(HealthDay News) — For adult patients with vulvar lichen sclerosus (VLS), long-term preventive topical corticosteroid (TCS) treatment is associated with improved outcomes, according to a study published online June 12 in JAMA Dermatology. The research was published to coincide with the World Congress of Dermatology, held from June 8–13 in Vancouver, Canada.
Andrew Lee, MBBS, from Sydney Medical School Northern at the University of Sydney, and colleagues examined the impact of long-term preventive TCS treatment of various potencies, adjusted to meet a target outcome of normal skin color and texture. Data were collected from a prospective longitudinal cohort study involving 507 women with biopsy-proved VLS.

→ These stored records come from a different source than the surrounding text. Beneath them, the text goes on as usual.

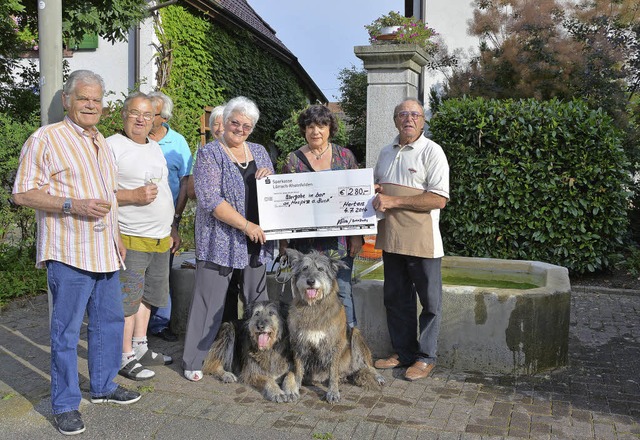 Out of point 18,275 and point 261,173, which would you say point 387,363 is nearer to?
point 261,173

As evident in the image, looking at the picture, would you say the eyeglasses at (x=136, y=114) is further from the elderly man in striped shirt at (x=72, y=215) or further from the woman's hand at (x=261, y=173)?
the woman's hand at (x=261, y=173)

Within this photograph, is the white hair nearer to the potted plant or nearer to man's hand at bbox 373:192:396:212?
man's hand at bbox 373:192:396:212

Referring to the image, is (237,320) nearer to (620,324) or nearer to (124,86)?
(620,324)

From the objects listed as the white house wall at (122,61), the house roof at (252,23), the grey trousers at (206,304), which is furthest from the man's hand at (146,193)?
the house roof at (252,23)

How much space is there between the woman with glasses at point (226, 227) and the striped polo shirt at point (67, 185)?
888mm

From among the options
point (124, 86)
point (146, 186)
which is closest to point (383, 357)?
point (146, 186)

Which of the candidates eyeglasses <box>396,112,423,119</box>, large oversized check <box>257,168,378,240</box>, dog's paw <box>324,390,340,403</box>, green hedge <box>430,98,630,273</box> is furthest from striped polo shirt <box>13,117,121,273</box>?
green hedge <box>430,98,630,273</box>

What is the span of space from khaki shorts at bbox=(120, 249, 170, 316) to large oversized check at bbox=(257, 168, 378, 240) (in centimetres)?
95

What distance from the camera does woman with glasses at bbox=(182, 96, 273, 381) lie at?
4504 millimetres

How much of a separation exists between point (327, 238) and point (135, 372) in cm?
189

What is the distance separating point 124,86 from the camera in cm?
1331

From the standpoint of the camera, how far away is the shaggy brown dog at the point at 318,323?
168 inches

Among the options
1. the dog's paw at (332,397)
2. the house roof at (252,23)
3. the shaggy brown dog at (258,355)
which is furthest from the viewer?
the house roof at (252,23)

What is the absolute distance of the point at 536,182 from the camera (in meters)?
8.19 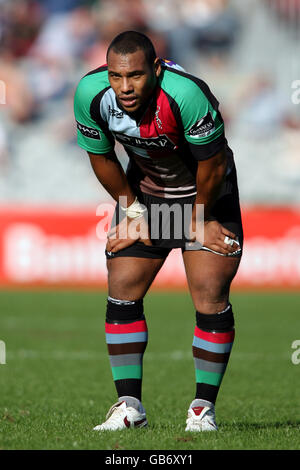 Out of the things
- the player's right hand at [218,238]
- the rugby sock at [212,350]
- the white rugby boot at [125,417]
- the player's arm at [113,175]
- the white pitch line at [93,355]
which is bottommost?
the white pitch line at [93,355]

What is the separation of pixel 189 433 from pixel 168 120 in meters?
1.51

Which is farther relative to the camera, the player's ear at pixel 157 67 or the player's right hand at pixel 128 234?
the player's right hand at pixel 128 234

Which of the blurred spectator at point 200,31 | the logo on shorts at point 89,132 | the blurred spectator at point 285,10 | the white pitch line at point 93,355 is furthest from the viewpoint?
the blurred spectator at point 285,10

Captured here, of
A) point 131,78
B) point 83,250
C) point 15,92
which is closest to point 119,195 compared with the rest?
point 131,78

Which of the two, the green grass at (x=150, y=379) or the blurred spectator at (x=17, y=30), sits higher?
the blurred spectator at (x=17, y=30)

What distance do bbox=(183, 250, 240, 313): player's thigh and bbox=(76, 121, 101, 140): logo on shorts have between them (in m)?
0.77

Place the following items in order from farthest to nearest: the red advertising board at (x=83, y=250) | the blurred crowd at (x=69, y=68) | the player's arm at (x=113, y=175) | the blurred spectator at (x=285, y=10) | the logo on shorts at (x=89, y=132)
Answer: the blurred spectator at (x=285, y=10) < the blurred crowd at (x=69, y=68) < the red advertising board at (x=83, y=250) < the player's arm at (x=113, y=175) < the logo on shorts at (x=89, y=132)

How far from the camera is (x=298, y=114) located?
61.8 feet

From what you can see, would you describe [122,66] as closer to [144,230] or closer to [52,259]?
[144,230]

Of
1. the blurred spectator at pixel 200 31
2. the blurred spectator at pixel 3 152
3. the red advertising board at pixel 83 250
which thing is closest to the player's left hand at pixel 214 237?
the red advertising board at pixel 83 250

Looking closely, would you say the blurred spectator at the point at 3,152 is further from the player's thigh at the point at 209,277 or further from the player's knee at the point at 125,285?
the player's thigh at the point at 209,277

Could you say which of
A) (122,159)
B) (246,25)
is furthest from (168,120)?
(246,25)

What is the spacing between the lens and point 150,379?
6684 mm

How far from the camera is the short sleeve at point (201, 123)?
3875mm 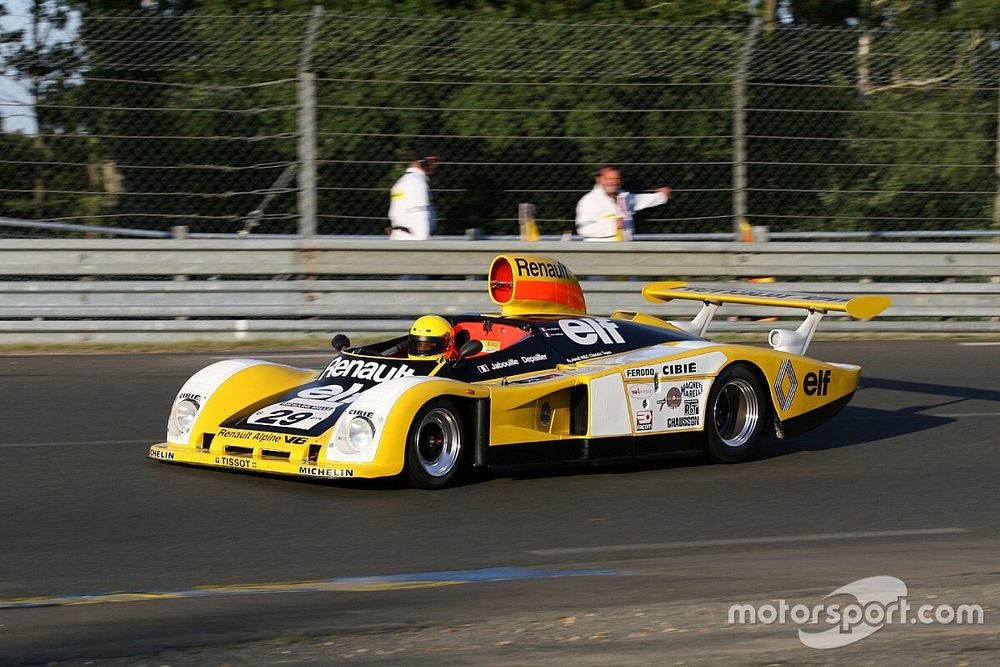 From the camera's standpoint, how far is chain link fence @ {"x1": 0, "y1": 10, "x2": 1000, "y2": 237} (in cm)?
1347

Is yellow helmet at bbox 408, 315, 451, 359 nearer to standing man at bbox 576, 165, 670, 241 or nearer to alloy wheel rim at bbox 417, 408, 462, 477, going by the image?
alloy wheel rim at bbox 417, 408, 462, 477

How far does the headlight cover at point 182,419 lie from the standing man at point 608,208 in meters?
6.98

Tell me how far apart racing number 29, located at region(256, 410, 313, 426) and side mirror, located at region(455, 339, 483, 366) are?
36.6 inches

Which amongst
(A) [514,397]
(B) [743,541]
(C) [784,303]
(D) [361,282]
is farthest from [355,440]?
(D) [361,282]

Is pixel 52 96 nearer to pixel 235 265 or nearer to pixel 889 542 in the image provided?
pixel 235 265

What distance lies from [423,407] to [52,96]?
7026 mm

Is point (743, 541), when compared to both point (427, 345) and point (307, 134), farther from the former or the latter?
point (307, 134)

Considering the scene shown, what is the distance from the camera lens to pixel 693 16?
67.0 feet

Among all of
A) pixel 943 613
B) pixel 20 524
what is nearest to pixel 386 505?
pixel 20 524

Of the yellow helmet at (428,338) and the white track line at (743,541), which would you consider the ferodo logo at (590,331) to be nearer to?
the yellow helmet at (428,338)

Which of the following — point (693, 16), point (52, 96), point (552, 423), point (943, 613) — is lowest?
point (943, 613)

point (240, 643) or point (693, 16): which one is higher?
point (693, 16)

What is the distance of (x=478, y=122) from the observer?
47.2 feet

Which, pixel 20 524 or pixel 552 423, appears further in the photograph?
pixel 552 423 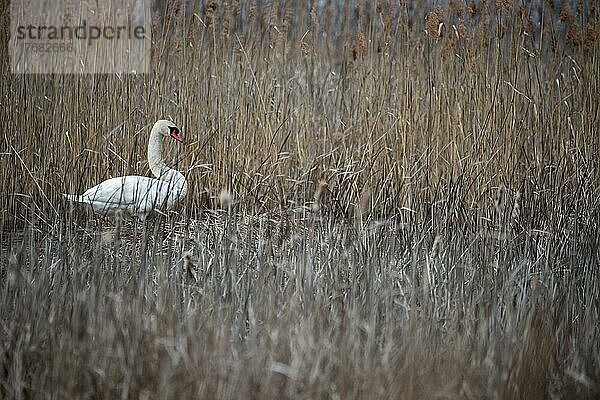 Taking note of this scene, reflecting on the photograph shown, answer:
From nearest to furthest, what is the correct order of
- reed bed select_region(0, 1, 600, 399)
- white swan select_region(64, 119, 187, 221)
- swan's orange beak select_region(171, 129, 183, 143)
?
reed bed select_region(0, 1, 600, 399)
white swan select_region(64, 119, 187, 221)
swan's orange beak select_region(171, 129, 183, 143)

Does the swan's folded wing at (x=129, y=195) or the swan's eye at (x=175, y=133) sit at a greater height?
the swan's eye at (x=175, y=133)

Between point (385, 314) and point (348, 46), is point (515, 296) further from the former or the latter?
point (348, 46)

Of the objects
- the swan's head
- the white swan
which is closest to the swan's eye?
the swan's head

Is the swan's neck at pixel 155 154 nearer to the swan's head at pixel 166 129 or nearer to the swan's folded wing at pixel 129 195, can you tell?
the swan's head at pixel 166 129

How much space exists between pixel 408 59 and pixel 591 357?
1.19 m

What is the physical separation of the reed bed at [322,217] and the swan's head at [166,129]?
0.04 m

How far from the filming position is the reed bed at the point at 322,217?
1.22m

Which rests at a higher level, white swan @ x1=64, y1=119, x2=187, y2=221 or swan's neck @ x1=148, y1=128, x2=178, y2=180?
swan's neck @ x1=148, y1=128, x2=178, y2=180

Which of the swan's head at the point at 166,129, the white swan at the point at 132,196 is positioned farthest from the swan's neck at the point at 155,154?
the white swan at the point at 132,196

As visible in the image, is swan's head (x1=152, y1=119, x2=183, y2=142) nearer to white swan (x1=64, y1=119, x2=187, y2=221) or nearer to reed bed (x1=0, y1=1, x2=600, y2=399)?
reed bed (x1=0, y1=1, x2=600, y2=399)

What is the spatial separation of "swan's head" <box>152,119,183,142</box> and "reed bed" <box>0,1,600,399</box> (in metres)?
0.04

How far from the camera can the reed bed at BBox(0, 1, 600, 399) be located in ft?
4.01

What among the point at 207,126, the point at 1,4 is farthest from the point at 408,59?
the point at 1,4

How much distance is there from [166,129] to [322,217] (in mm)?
607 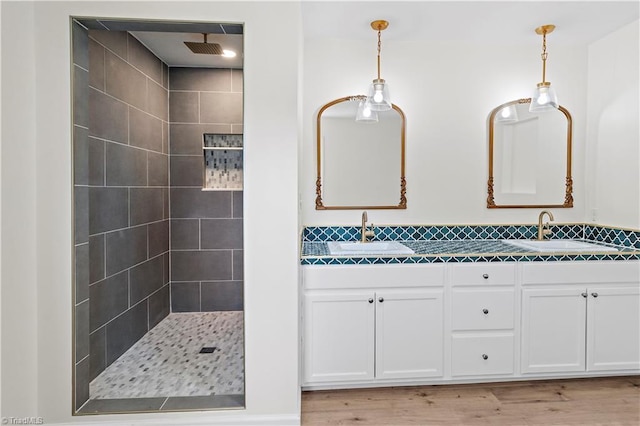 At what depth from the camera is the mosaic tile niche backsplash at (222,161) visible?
12.0ft

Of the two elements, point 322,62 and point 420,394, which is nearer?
point 420,394

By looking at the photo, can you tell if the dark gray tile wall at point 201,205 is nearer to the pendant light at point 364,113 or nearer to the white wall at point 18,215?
the pendant light at point 364,113

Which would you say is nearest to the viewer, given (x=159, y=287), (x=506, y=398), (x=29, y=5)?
(x=29, y=5)

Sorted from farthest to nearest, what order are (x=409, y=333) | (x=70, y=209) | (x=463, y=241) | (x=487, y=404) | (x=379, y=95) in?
(x=463, y=241), (x=379, y=95), (x=409, y=333), (x=487, y=404), (x=70, y=209)

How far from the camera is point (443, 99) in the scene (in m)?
2.97

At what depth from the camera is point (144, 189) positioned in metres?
3.08

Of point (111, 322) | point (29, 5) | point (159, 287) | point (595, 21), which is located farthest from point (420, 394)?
point (29, 5)

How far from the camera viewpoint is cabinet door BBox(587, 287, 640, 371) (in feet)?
7.90

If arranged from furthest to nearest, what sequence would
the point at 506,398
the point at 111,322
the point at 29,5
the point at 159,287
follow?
the point at 159,287 < the point at 111,322 < the point at 506,398 < the point at 29,5

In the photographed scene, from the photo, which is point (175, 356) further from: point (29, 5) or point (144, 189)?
point (29, 5)

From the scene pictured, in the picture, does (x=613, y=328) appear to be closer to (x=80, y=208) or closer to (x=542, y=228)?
(x=542, y=228)

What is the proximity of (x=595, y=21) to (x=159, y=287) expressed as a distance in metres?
3.89

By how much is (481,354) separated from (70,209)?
243 cm

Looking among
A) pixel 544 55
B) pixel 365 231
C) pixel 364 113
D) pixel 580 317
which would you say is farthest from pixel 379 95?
pixel 580 317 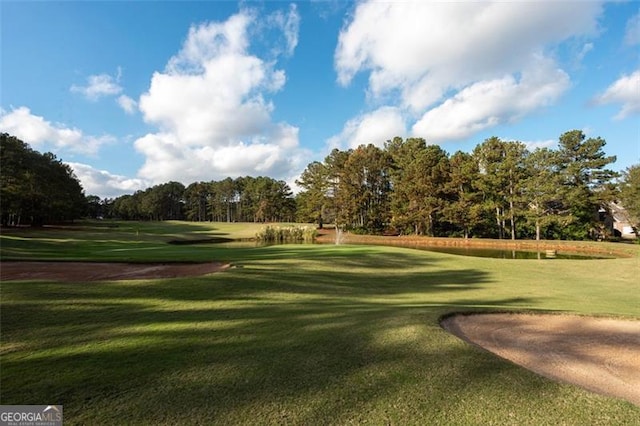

The researchers found that potent TCS, followed by regular preventive TCS treatment, induced remission. Overall, 29.6 and 70.4% of patents were considered partially compliant and fully compliant with treatment. During follow-up, 0 and 4.7% of the fully compliant and partially compliant patients had biopsy-proven squamous cell carcinoma or vulvar intraepithelial neoplasia (P<0.001). Symptom suppression occurred in 93.3 and 58.0% of fully and partially compliant patients, respectively (P<0.001). During follow-up, 3.4 and 40.0% of patients, respectively, had adhesions and scaring (P<0.001), and 1.1 and 2.0%, respectively, had reversible TCS-induced cutaneous atrophy (P=0.43).
“Individualized preventive TCS regimens that achieve objective normality of skin color and texture and are used by compliant patients who attend regular long-term follow-up visits may modify the course of the disease,” the authors write.